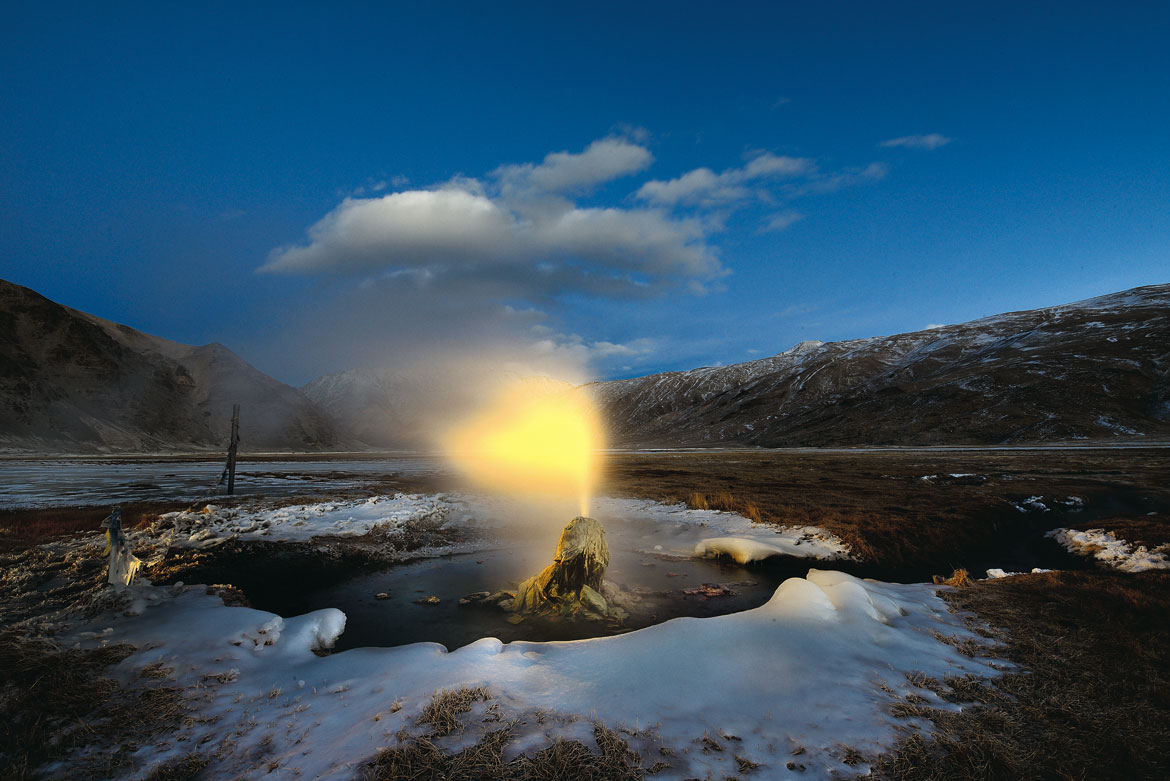 The glow of a headlamp transforms erupting steam and water into a halo around the head of a geyser. Even at a temperature of -25 degrees, the water is a scalding 80 degrees celcius, the boiling point at 4,000m above sea level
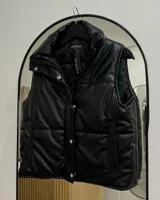 Chaleco negro de ecocuero con cuello alto, cierre frontal con broches a presión, bolsillos laterales y diseño acolchado.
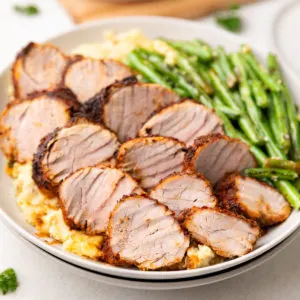 Close up view of seasoned pork slices on plates.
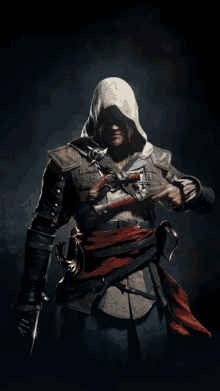 a man in a hood is holding a sword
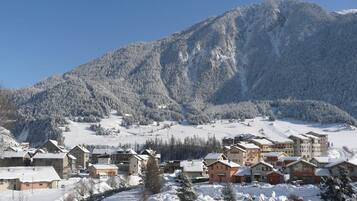 Un pueblo cubierto de nieve en la montaña con edificios de estilo chalete tradicional, una pista de esquí y un cielo azul despejado.
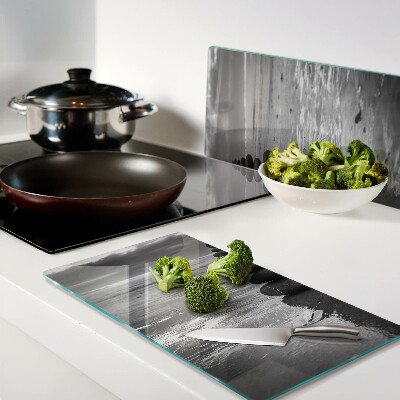 Glass kitchen board Beach stones in black and white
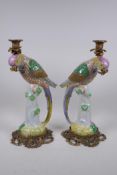 A pair of polychrome porcelain parrot candlesticks with bronze mounts, 41cm high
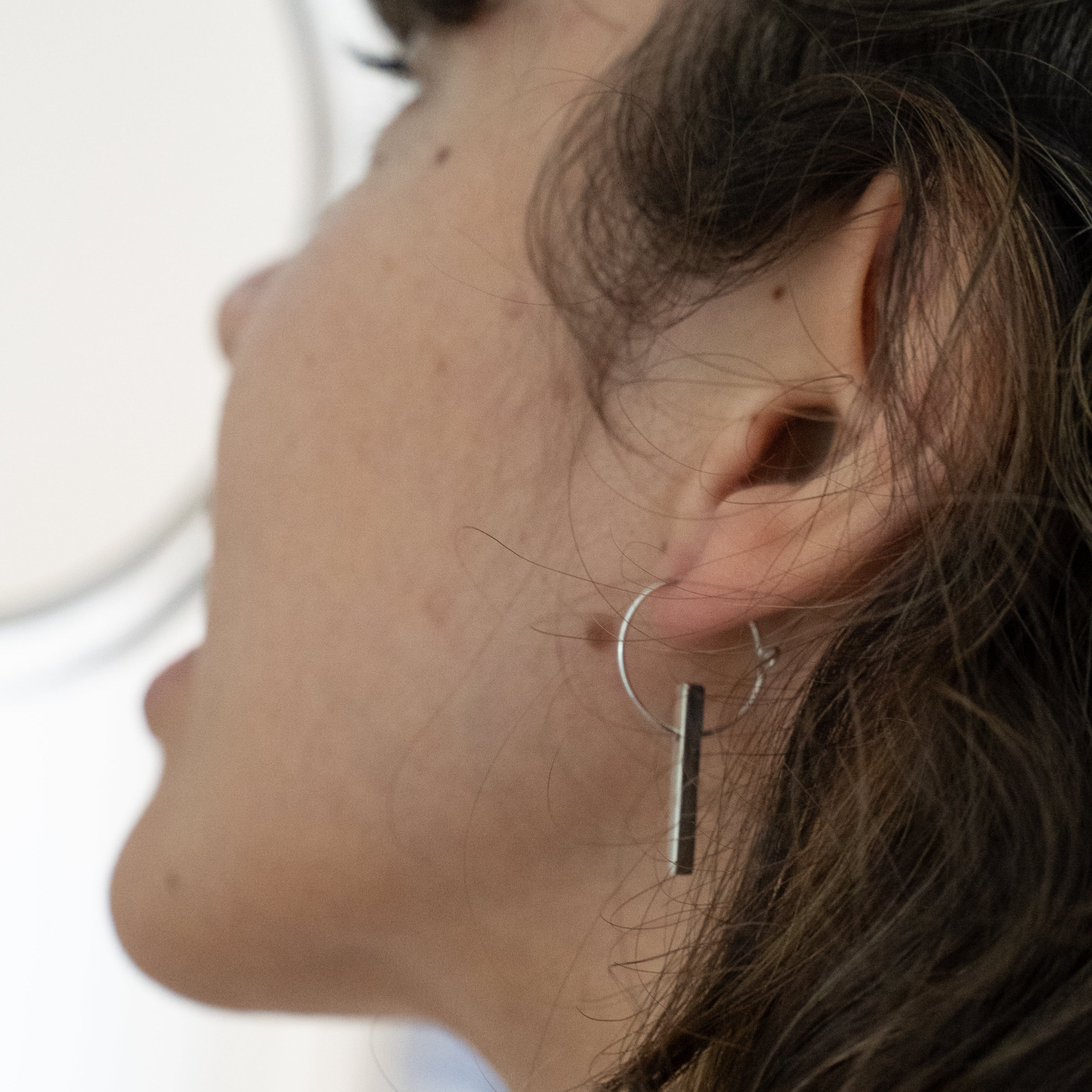 The Minimalist Scandinavian Ray earrings by MeganCollinsJewellery with the delicate circle and bar, are an abstract representation of the sun. Wear them as a reminder to shine your inner light.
____________
:: Task requirements ::
Return the records word for word, leaving every picture out of the copy.

:: Reply to the exercise ::
 The glow of a headlamp transforms erupting steam and water into a halo around the head of a geyser. Even at a temperature of -25 degrees, the water is a scalding 80 degrees celcius, the boiling point at 4,000m above sea level
 Chaleco negro de ecocuero con cuello alto, cierre frontal con broches a presión, bolsillos laterales y diseño acolchado.
 Close up view of seasoned pork slices on plates.
 a man in a hood is holding a sword
 Un pueblo cubierto de nieve en la montaña con edificios de estilo chalete tradicional, una pista de esquí y un cielo azul despejado.
 Glass kitchen board Beach stones in black and white
 A pair of polychrome porcelain parrot candlesticks with bronze mounts, 41cm high
 The Minimalist Scandinavian Ray earrings by MeganCollinsJewellery with the delicate circle and bar, are an abstract representation of the sun. Wear them as a reminder to shine your inner light.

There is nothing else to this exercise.